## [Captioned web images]
================================

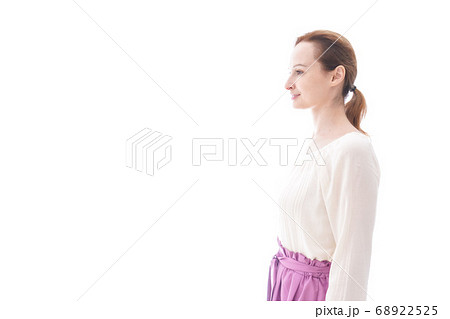 笑顔の若い女性ポートレート 笑顔の若い女性ポートレート 68922525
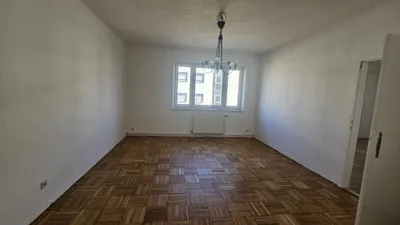 4-Zimmer-Wohnung mieten in Wiener Neustadt – 109 m², € 882 – Bild 2 von 7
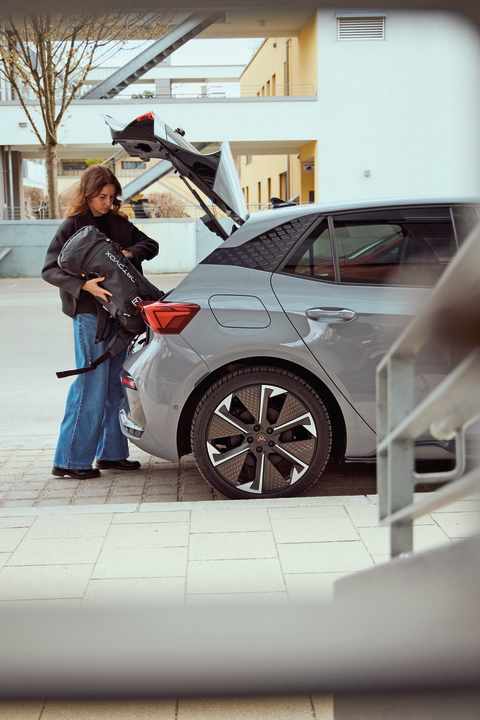 Genug Platz fürs Gepäck: GUTE FAHRT-Kollegin Laura Koruga verstaut ihren Rucksack im mindestens 385 Liter fassenden Kofferraum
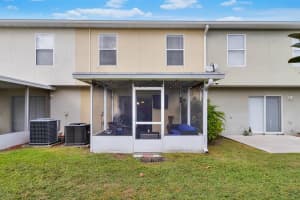2752 Merrieweather Ln, Kissimmee, FL 34743, Sold 03/11/22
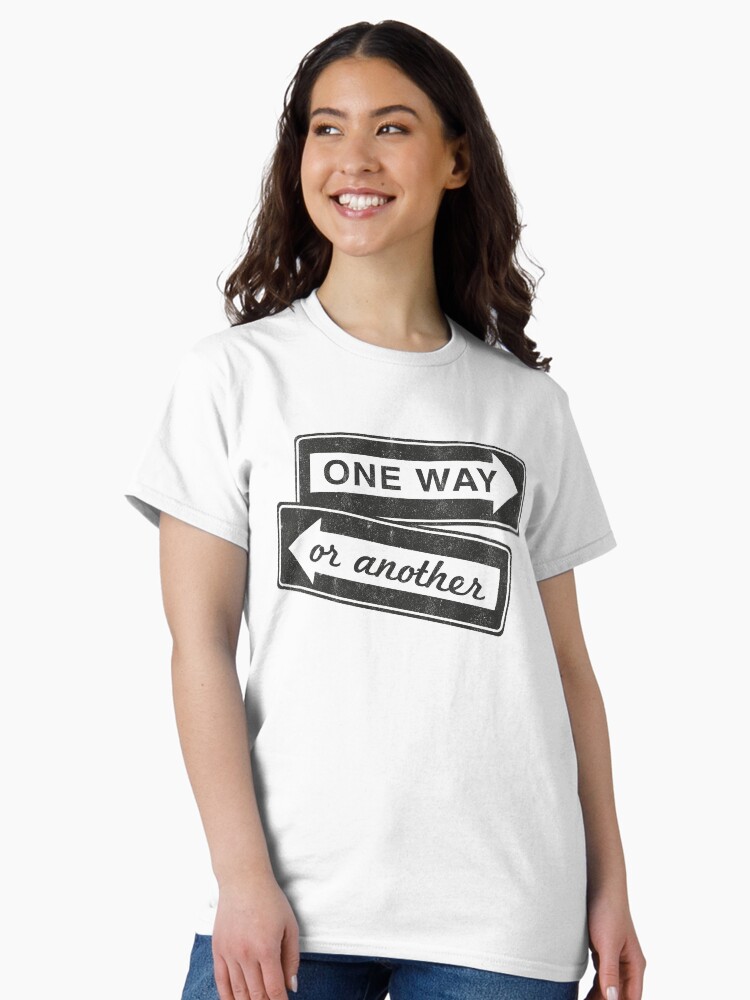 Aperçu 1 sur 7. T-shirt classique avec l'œuvre One way or another créée et vendue par Jeanne-LMBB.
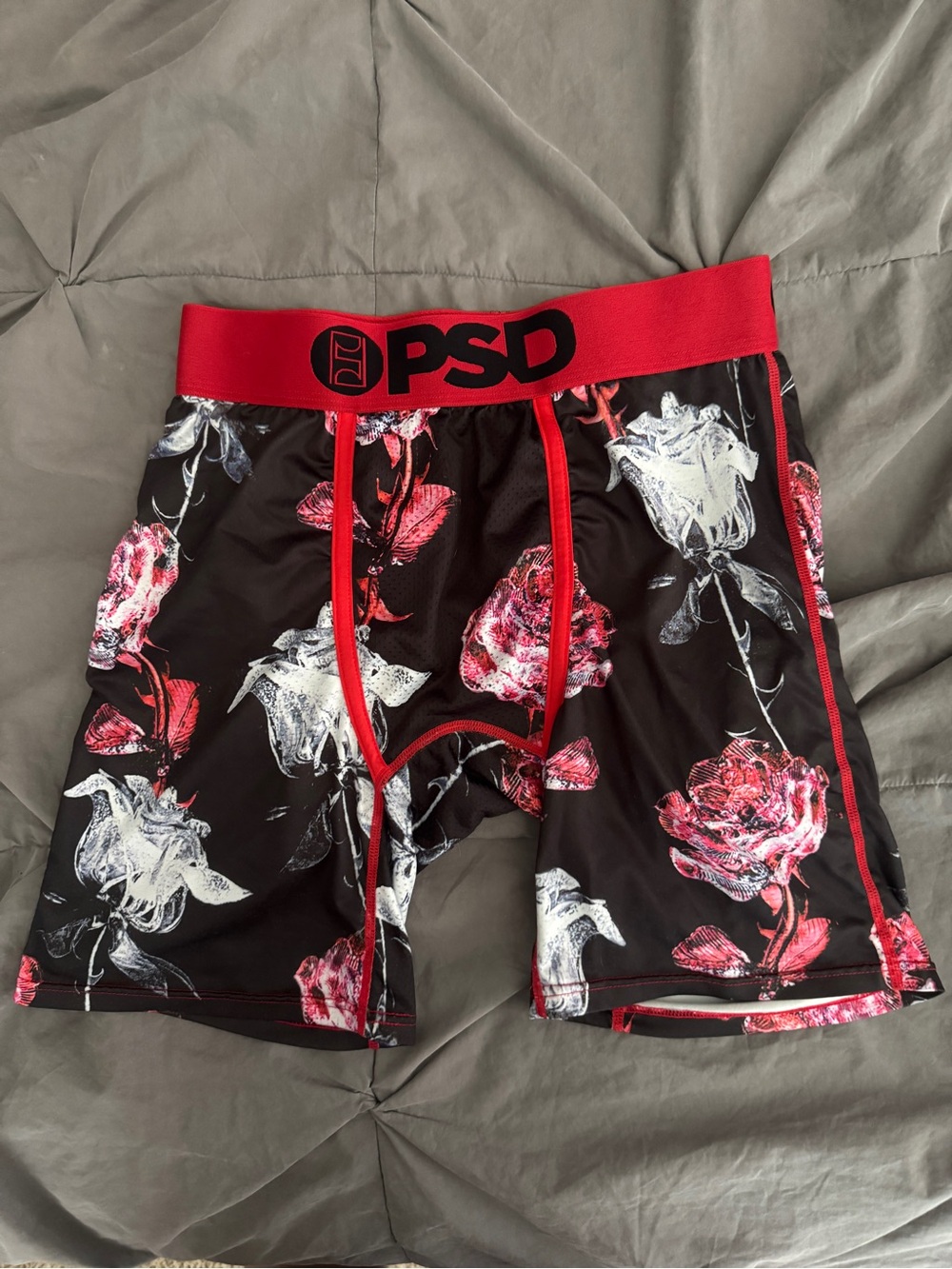 PSD Men’s Small Red & White Floral Black Boxer Briefs🥀🤍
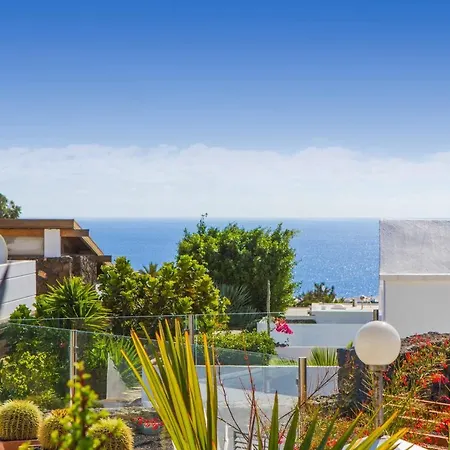 Villa Dos Piedras Puerto del Carmen (Lanzarote)
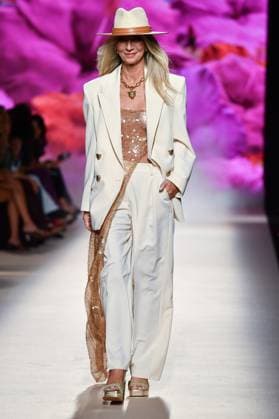 Design by Lola Casademunt during Mercedes-Benz Fashion Week de Madrid in Spain - 20 Sept 2025 A model walks the runway wearing a design by Lola Casademunt during Mercedes-Benz Fashion Week de Madrid in IFERMA. Madrid Spain Copyright: xAtilanoxGarciax xSOPAxImagesx FOTO48559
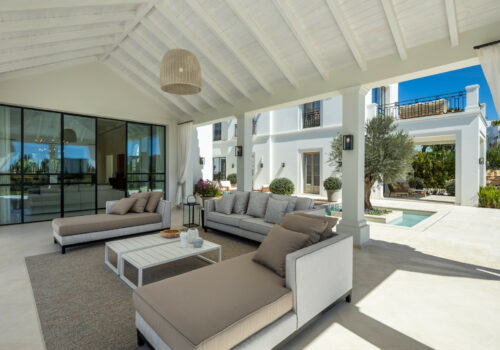 03e0d568-b2cd-4eaf-b079-00f10a8824ee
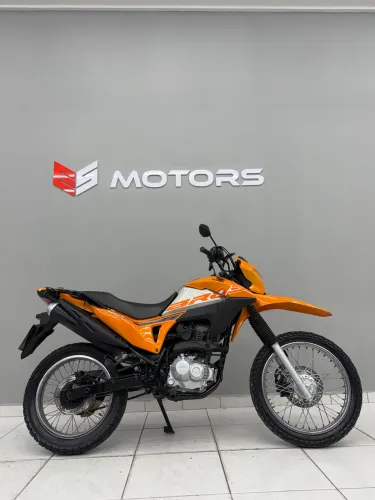 Oportunidade!!!  Bros 160 laranja com 54.218 KM ano 2019/19 por 17.999 na ESMOTORS. 
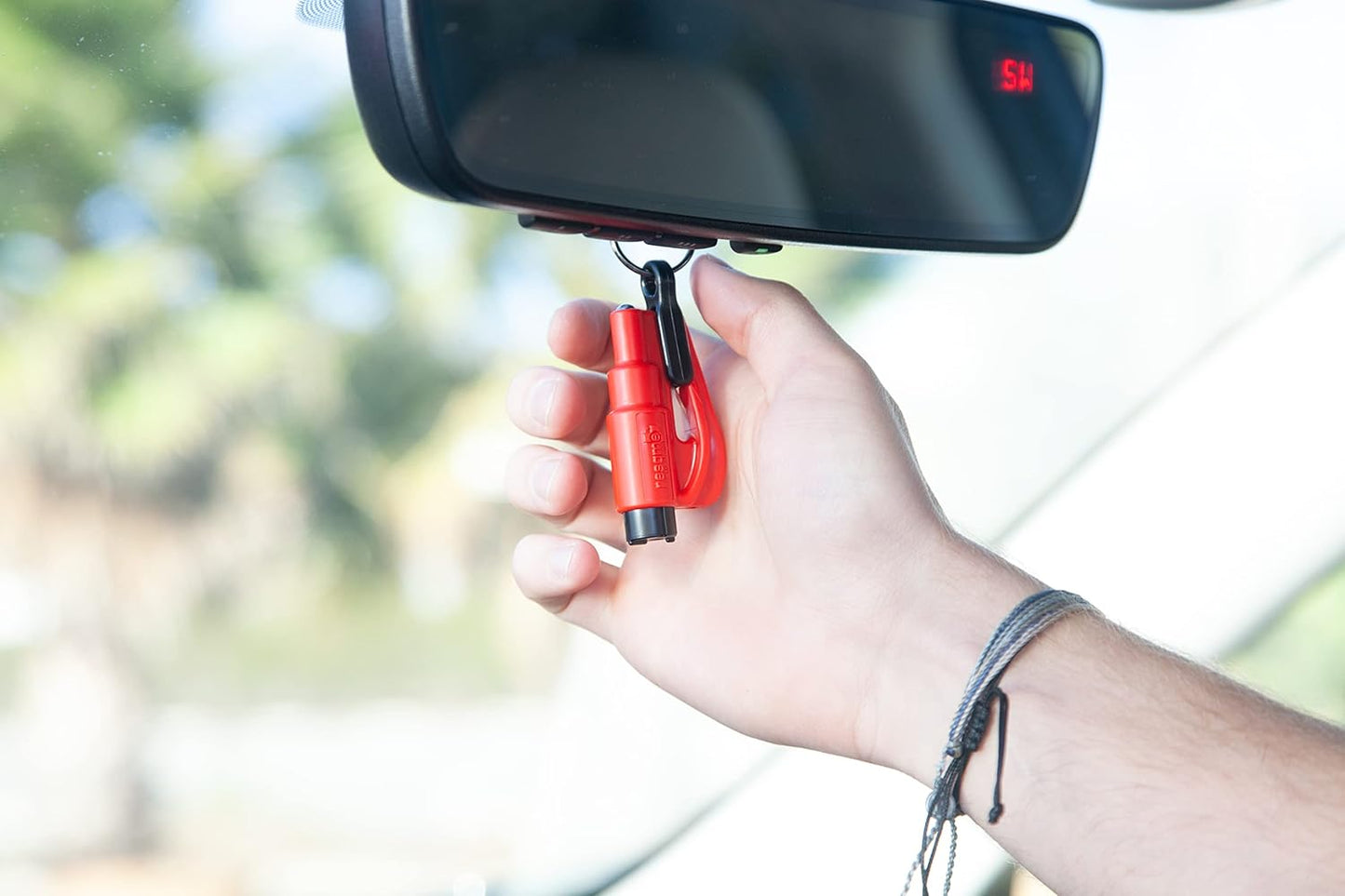 Resqme GBO-RQM-ROT Emergency Keychain Tool: Seatbelt Cutter & Window Breaker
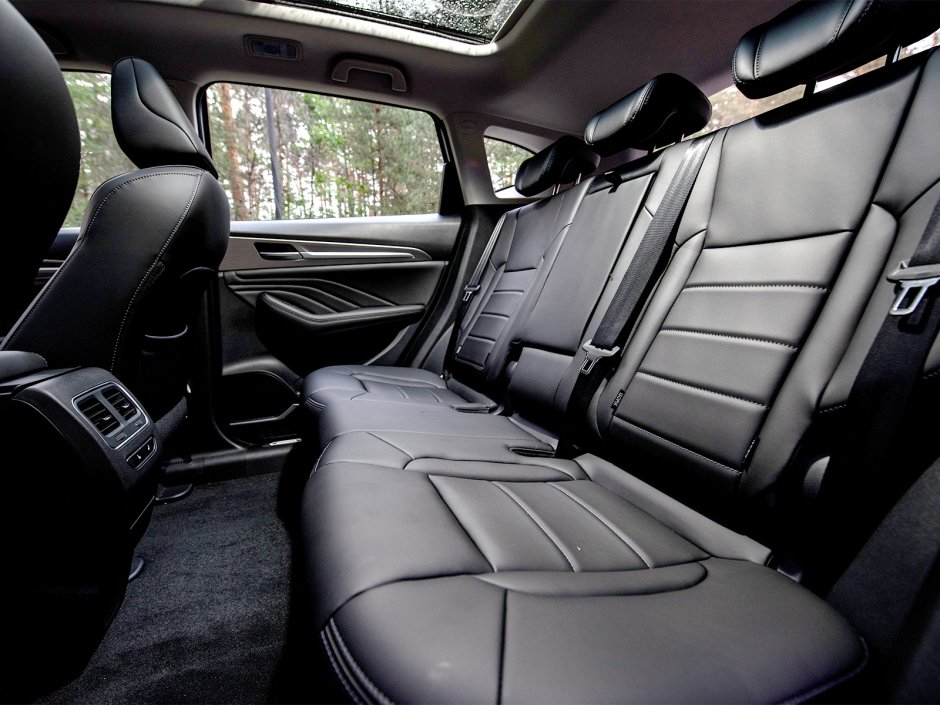 Haval Jolion сзади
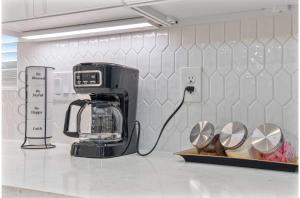 Unwind in Style 4BR2BA Quick Access to Downtown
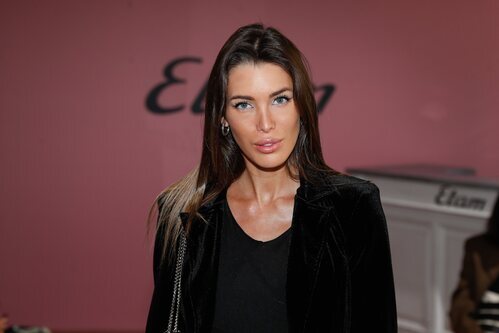 Marta López Álamo en el desfile otoño/invierno 2021 de Etam en Madrid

================================

## [ASSIGNMENT]
The result should be an exact copy of only the lines above from the one that holds "Genug Platz fürs" through the one that holds "PSD Men’s Small", both ends included, without pictures.

## [RESPONSE BELOW]
 Genug Platz fürs Gepäck: GUTE FAHRT-Kollegin Laura Koruga verstaut ihren Rucksack im mindestens 385 Liter fassenden Kofferraum
2752 Merrieweather Ln, Kissimmee, FL 34743, Sold 03/11/22
 Aperçu 1 sur 7. T-shirt classique avec l'œuvre One way or another créée et vendue par Jeanne-LMBB.
 PSD Men’s Small Red & White Floral Black Boxer Briefs🥀🤍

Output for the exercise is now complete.